In 1938 the station's studios were moved from Building 36 into a brand new building on River Road, in Downtown Schenectady. These studios were torn down in 1961 to make way for Interstate 890. At that time the studios were moved to 1400 Balltown Road in Niskayuna, New York, co-located with GE owned-and-operated WRGB-TV Channel 6.
In 1941, the stations on 790 kHz, including WGY and KGO, were moved to 810 kHz to comply with the North American Regional Broadcasting Agreement (NARBA). In 1942, during World War II, a concrete wall was built around the base of the transmitter tower to prevent saboteurs from shooting out the base insulator on the tower and taking the station off the air.
As the "Golden Age of Radio" ended, WGY evolved into a full service, middle of the road format of popular music, news and talk. It was the flagship station of General Electric's broadcasting group until 1983, when it was sold to Sky Communications and soon after to Empire Radio Partners, Inc. General Electric's Schenectady operations also pioneered television by putting WRGB-TV on the air, which signed on as W2XB in 1928; and FM radio station W2XOY, later WGFM, then WGY-FM, and today WRVE, which signed on in 1940 and is credited as the first FM station to broadcast in stereo around the clock. Dame Media, Inc. acquired WGY-AM-FM during proceedings in a Philadelphia bankruptcy court, late 1993.

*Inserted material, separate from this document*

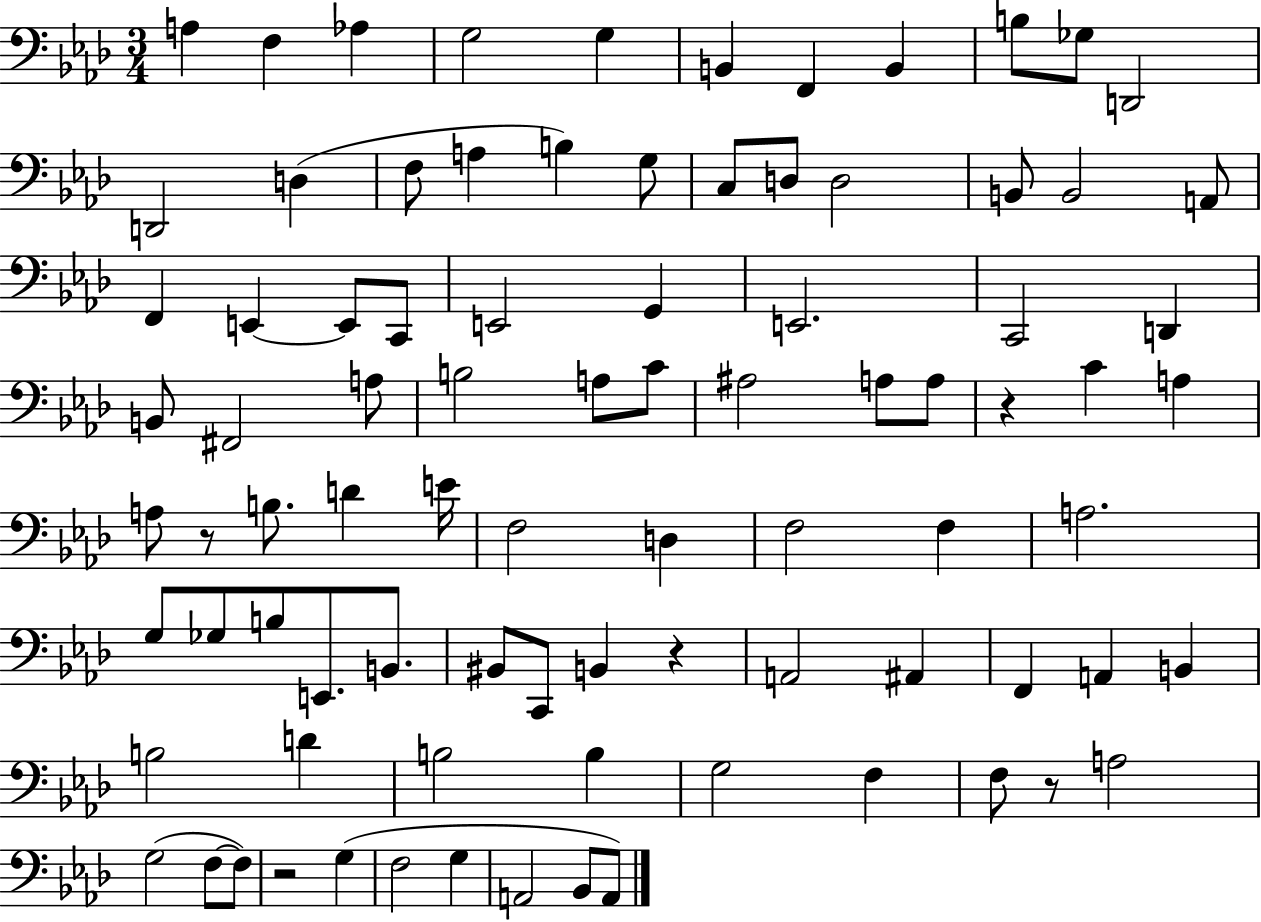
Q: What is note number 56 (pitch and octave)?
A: E2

The AM station eliminated its remaining music programming and became an all-news/talk station on Memorial Day Weekend, 1994. Dame moved the studios to One Washington Square at the end of Washington Avenue Extension, in the west end of Albany, in late 1994, where they remained until 2005. In 1999, Dame Media sold its entire radio group to Clear Channel Communications based in San Antonio. Clear Channel combined all of its Albany-area radio station facilities into the former CHP (Community Health Plan) building on Route 7 (Troy-Schenectady Road) in Latham, in August 2005.

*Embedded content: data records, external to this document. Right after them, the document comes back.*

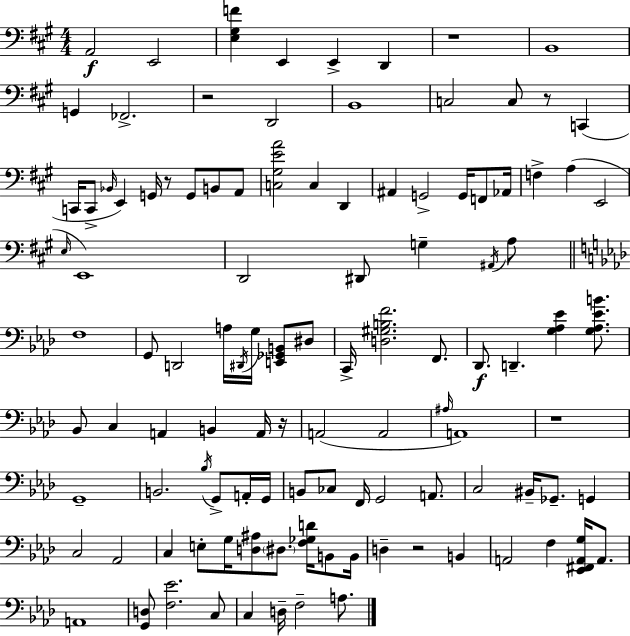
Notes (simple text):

A2/h E2/h [E3,G#3,F4]/q E2/q E2/q D2/q R/w B2/w G2/q FES2/h. R/h D2/h B2/w C3/h C3/e R/e C2/q C2/s C2/e Bb2/s E2/q G2/s R/e G2/e B2/e A2/e [C3,G#3,E4,A4]/h C3/q D2/q A#2/q G2/h G2/s F2/e Ab2/s F3/q A3/q E2/h E3/s E2/w D2/h D#2/e G3/q A#2/s A3/e F3/w G2/e D2/h A3/s D#2/s G3/s [E2,Gb2,B2]/e D#3/e C2/s [D3,G#3,B3,F4]/h. F2/e. Db2/e. D2/q. [G3,Ab3,Eb4]/q [G3,Ab3,Eb4,B4]/e. Bb2/e C3/q A2/q B2/q A2/s R/s A2/h A2/h A#3/s A2/w R/w G2/w B2/h. Bb3/s G2/e A2/s G2/s B2/e CES3/e F2/s G2/h A2/e. C3/h BIS2/s Gb2/e. G2/q C3/h Ab2/h C3/q E3/e G3/s [D3,A#3]/e D#3/e. [F3,Gb3,D4]/s B2/e B2/s D3/q R/h B2/q A2/h F3/q [Eb2,F#2,A2,G3]/s A2/e. A2/w [G2,D3]/e [F3,Eb4]/h. C3/e C3/q D3/s F3/h A3/e. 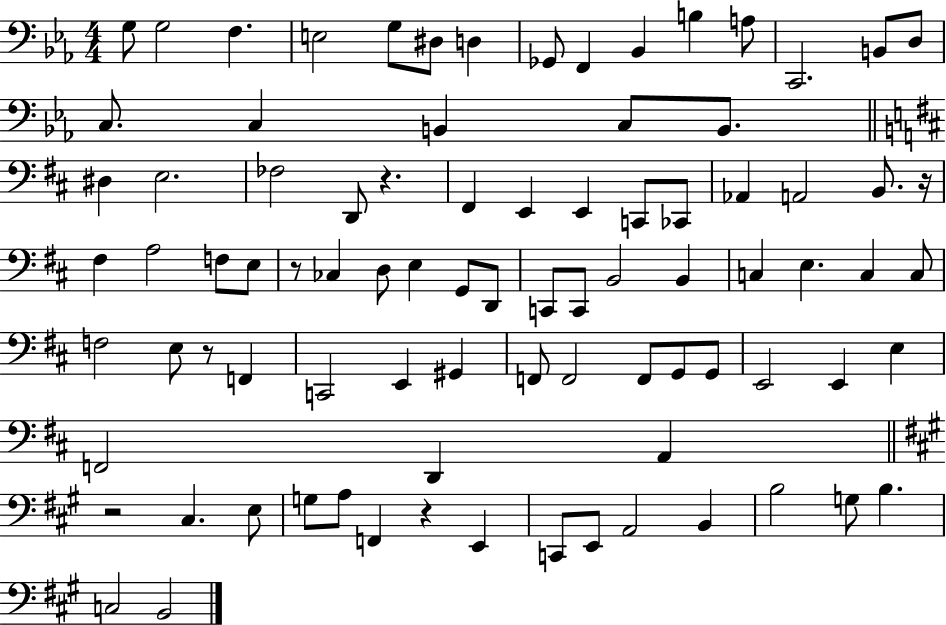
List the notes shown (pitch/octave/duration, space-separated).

G3/e G3/h F3/q. E3/h G3/e D#3/e D3/q Gb2/e F2/q Bb2/q B3/q A3/e C2/h. B2/e D3/e C3/e. C3/q B2/q C3/e B2/e. D#3/q E3/h. FES3/h D2/e R/q. F#2/q E2/q E2/q C2/e CES2/e Ab2/q A2/h B2/e. R/s F#3/q A3/h F3/e E3/e R/e CES3/q D3/e E3/q G2/e D2/e C2/e C2/e B2/h B2/q C3/q E3/q. C3/q C3/e F3/h E3/e R/e F2/q C2/h E2/q G#2/q F2/e F2/h F2/e G2/e G2/e E2/h E2/q E3/q F2/h D2/q A2/q R/h C#3/q. E3/e G3/e A3/e F2/q R/q E2/q C2/e E2/e A2/h B2/q B3/h G3/e B3/q. C3/h B2/h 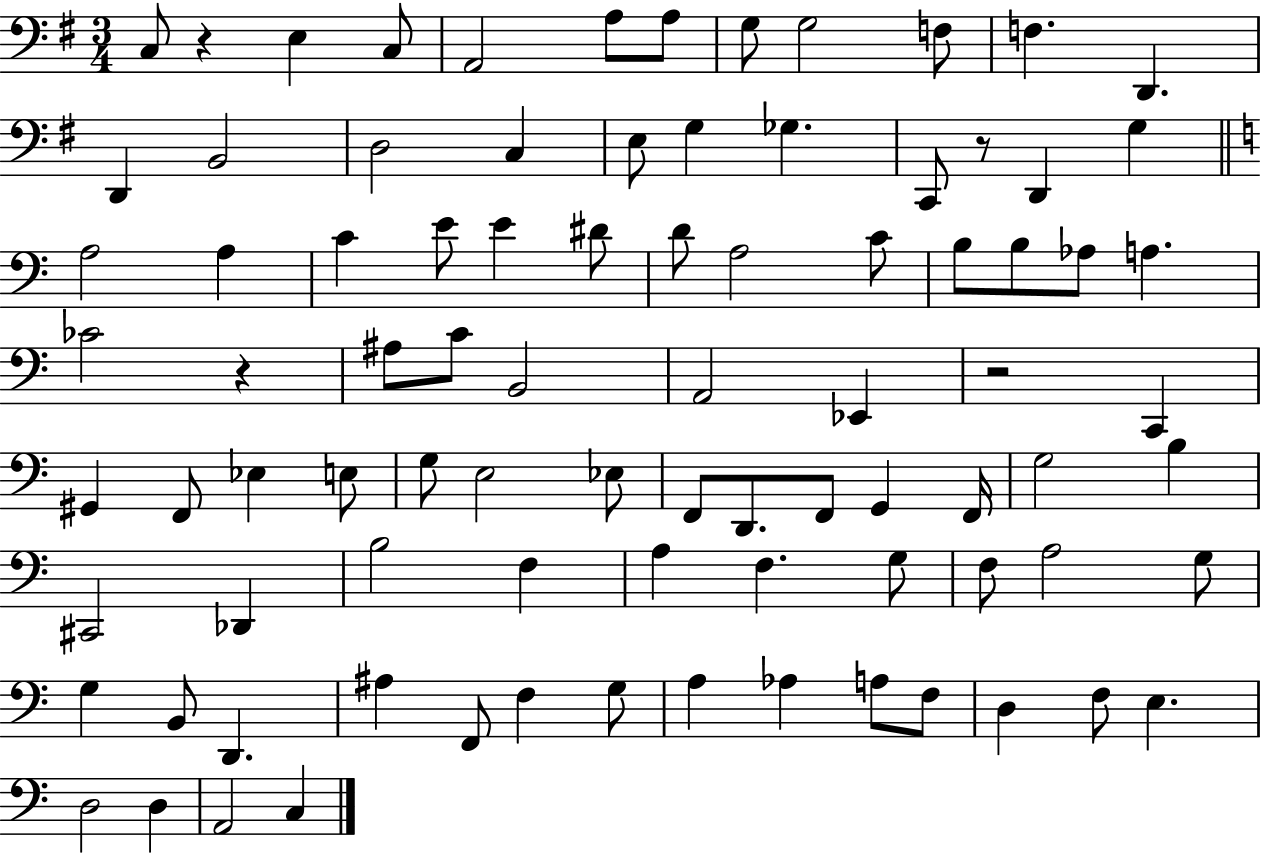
C3/e R/q E3/q C3/e A2/h A3/e A3/e G3/e G3/h F3/e F3/q. D2/q. D2/q B2/h D3/h C3/q E3/e G3/q Gb3/q. C2/e R/e D2/q G3/q A3/h A3/q C4/q E4/e E4/q D#4/e D4/e A3/h C4/e B3/e B3/e Ab3/e A3/q. CES4/h R/q A#3/e C4/e B2/h A2/h Eb2/q R/h C2/q G#2/q F2/e Eb3/q E3/e G3/e E3/h Eb3/e F2/e D2/e. F2/e G2/q F2/s G3/h B3/q C#2/h Db2/q B3/h F3/q A3/q F3/q. G3/e F3/e A3/h G3/e G3/q B2/e D2/q. A#3/q F2/e F3/q G3/e A3/q Ab3/q A3/e F3/e D3/q F3/e E3/q. D3/h D3/q A2/h C3/q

After being one of the founding members of the NBC Radio Network, WGY changed to ABC News Radio in July 1994. Then in August 2005, Clear Channel Communications switched the majority of its news/talk radio stations, including WGY, to Fox News Radio as a boost to that network's launch. Paul Harvey features from ABC remained on WGY for an additional year. In 2009, WGY received a Radio Television Digital News Association (RTDNA) Edward R. Murrow Award for its coverage of the 2009 Capital Region ice storm.
On September 20, 2010, WGY began simulcasting its programming on WHRL, renamed to WGY-FM.
On February 6, 2012, WGY began an affiliation with AccuWeather for its weather coverage. It discontinued its ties with The Weather Channel after more than a decade. In 2014, Clear Channel Communications changed its corporate name to iHeartMedia.
Several notable former WGY personalities include Mike Gallagher, who hosted afternoon drive in the mid-1990s before moving to WABC in New York, and is now part of the Salem Radio Network. Other notable hosts include Mark Williams, J. R. Gach and Andrew Wilkow of Sirius Satellite Radio who was heard in afternoon drive and later in late mornings. Another WGY weekday local show was hosted by Al Roney, who was replaced by Glenn Beck on February 25, 2010. Don Weeks retired in 2010 after spending 30 years as WGY's morning host and died in 2015 at age 76.
Doug Goudie hosts the station's locally-based morning drive program; the remainder of the lineup is devoted to conservative talk programs hosted by Glenn Beck, Clay Travis, Buck Sexton, Sean Hannity, Michael Berry and Ben Shapiro, along with Coast to Coast AM with George Noory. Weekend hosts include Bill Handel, Joe Pags, Ric Edelman and Bill Cunningham.